#### Records from a dataset:

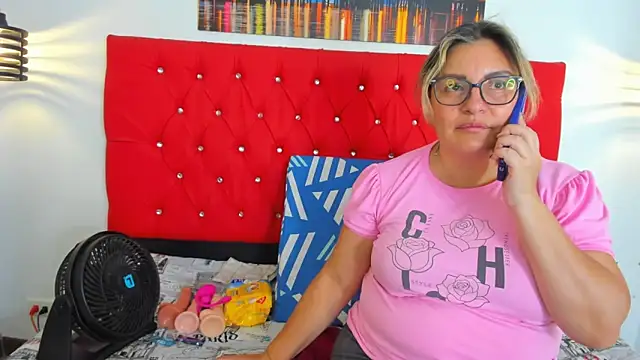 Snapshot of carolinacrus01 chatting on September 2025 03:45:01 PM carolinacrus01 online show from September 2025 03:45:01 PM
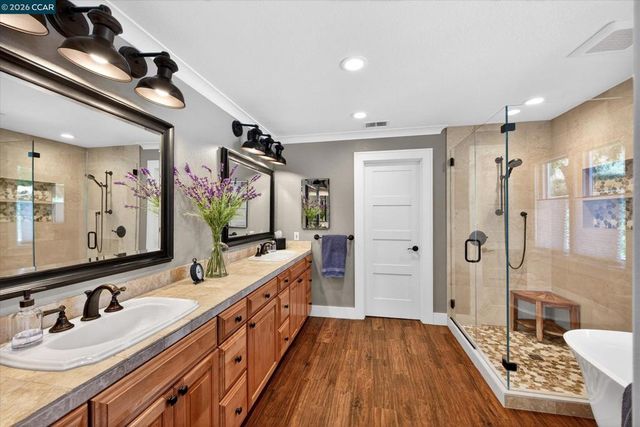 1088 Yorkshire Pl, Danville, CA 94506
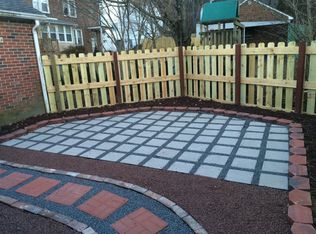 126 W 34th St, Reading, PA 19606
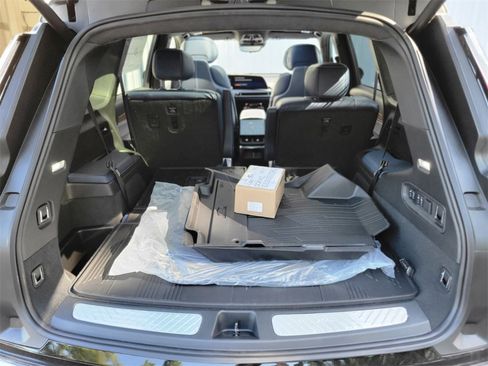 New 2026 Cadillac Vistiq Premium Luxury w/ LPO, Floor Liner Package image 30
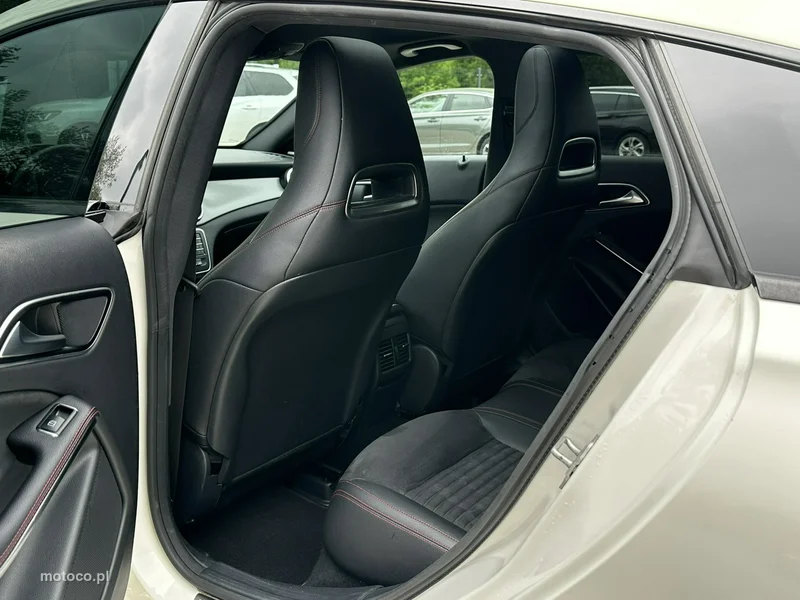 Mercedes-Benz CLA C117 CLA 250 18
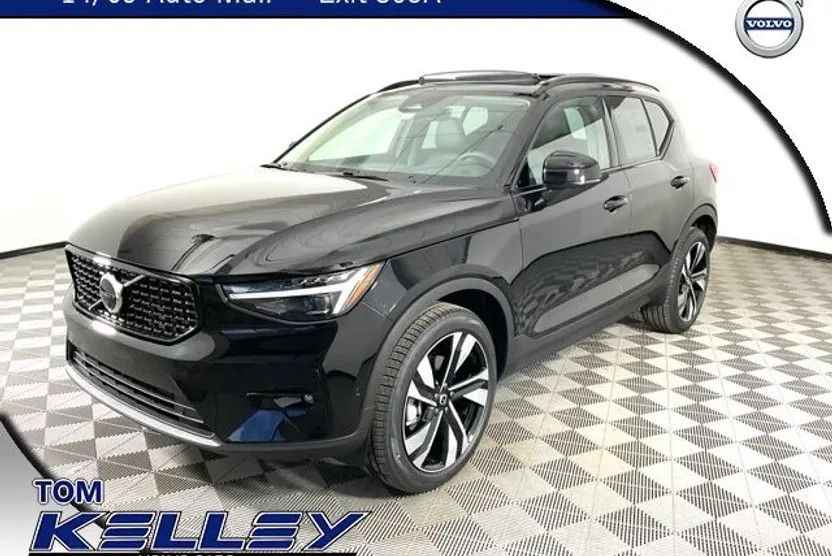 2025 Volvo XC40 photo 1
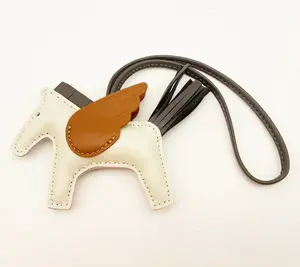 Versatile and fashionable bag charm in the shape of a little horse, in classic color schemes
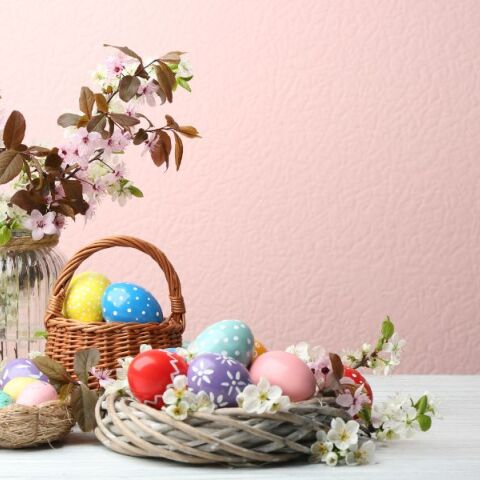 Ποιοι γιορτάζουν σήμερα, Κυριακή του Πάσχα 12 Απριλίου 2026; Το εορτολόγιο της Athens Voice σου τους θυμίζει. Μην ξεχάσεις να τους δώσεις τις καλύτερες ευχές σου!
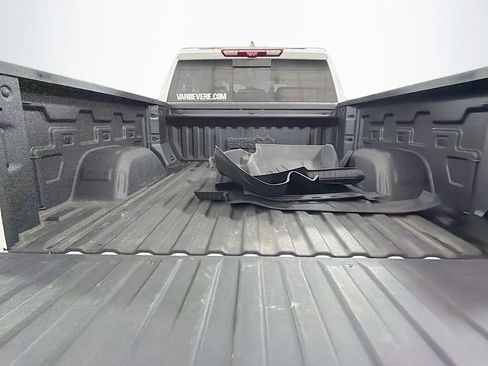 Used 2023 Chevrolet Silverado 1500 High Country w/ High Country Premium Package AWD/4WD image 30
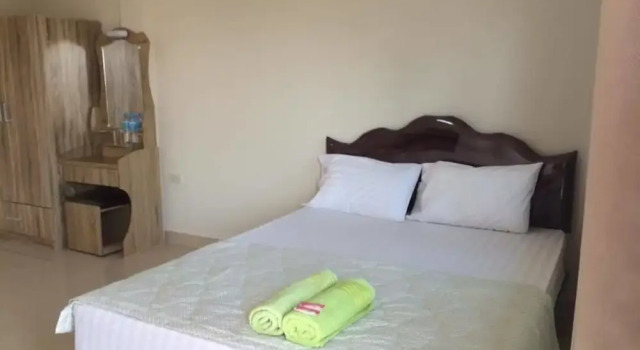 Sakchai Apartment, Varaa Huoneisto Hotellit North-Eastern Thailand pysäköinnillä, Pysäköinti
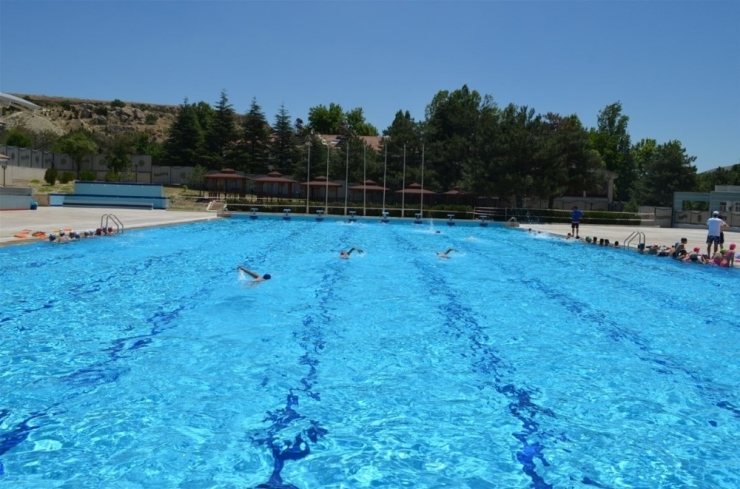 Olimpik Açık Yüzme Havuzu Her Gün Hizmet Verecek
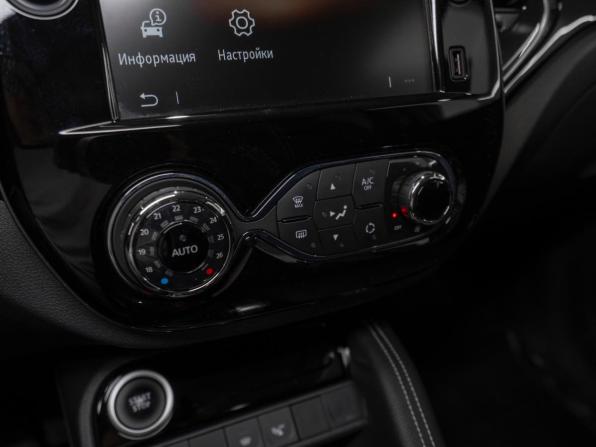 Renault Kaptur I Рестайлинг с пробегом 2021 года, цена 1 595 000 рублей, 60810 км, внедорожник, Автокод Объявления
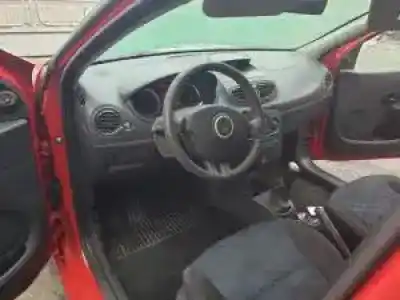 Veículo de Sucata renault clio iii k9k768 do ano 2007 alimentado 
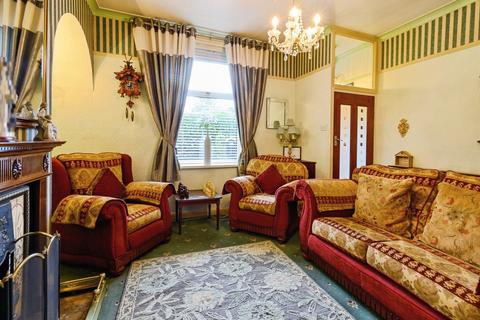 4 bedroom terraced house for sale, Gigg Lane, Bury, Greater Manchester, BL9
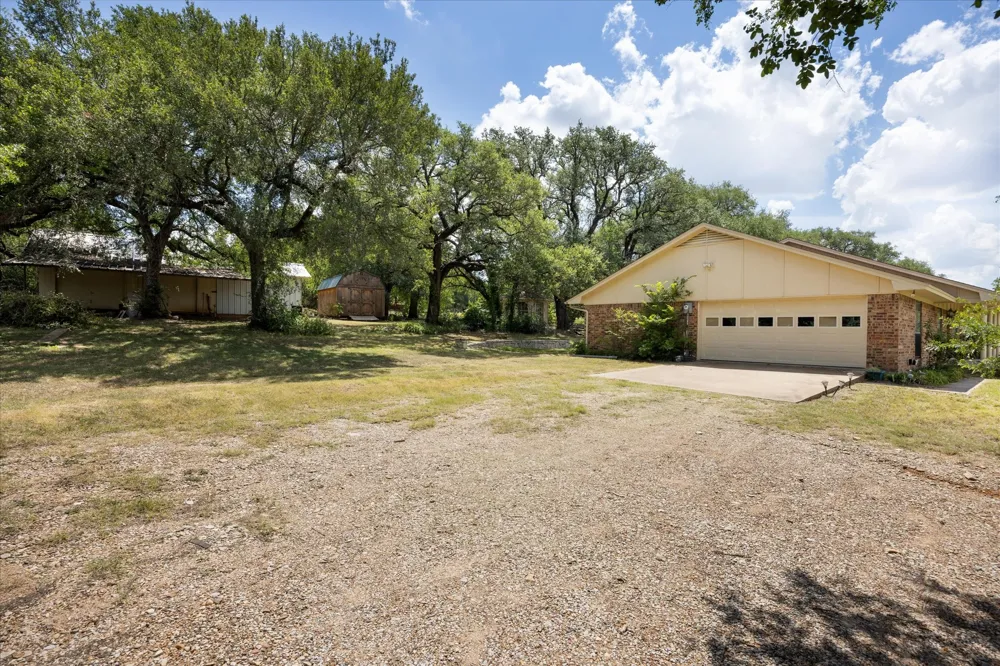 2952 State Hwy 144 Glen Rose, TX 76043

#### ACTIVITY:
Look above for the line with "1088 Yorkshire Pl, Danville, CA 94506"; quote it and every line after it, stopping after the line with "Veículo de Sucata", exactly, with nothing added and without pictures.

#### TASK SOLUTION:
 1088 Yorkshire Pl, Danville, CA 94506
 126 W 34th St, Reading, PA 19606
 New 2026 Cadillac Vistiq Premium Luxury w/ LPO, Floor Liner Package image 30
 Mercedes-Benz CLA C117 CLA 250 18
 2025 Volvo XC40 photo 1
 Versatile and fashionable bag charm in the shape of a little horse, in classic color schemes
 Ποιοι γιορτάζουν σήμερα, Κυριακή του Πάσχα 12 Απριλίου 2026; Το εορτολόγιο της Athens Voice σου τους θυμίζει. Μην ξεχάσεις να τους δώσεις τις καλύτερες ευχές σου!
 Used 2023 Chevrolet Silverado 1500 High Country w/ High Country Premium Package AWD/4WD image 30
 Sakchai Apartment, Varaa Huoneisto Hotellit North-Eastern Thailand pysäköinnillä, Pysäköinti
 Olimpik Açık Yüzme Havuzu Her Gün Hizmet Verecek
 Renault Kaptur I Рестайлинг с пробегом 2021 года, цена 1 595 000 рублей, 60810 км, внедорожник, Автокод Объявления
 Veículo de Sucata renault clio iii k9k768 do ano 2007 alimentado 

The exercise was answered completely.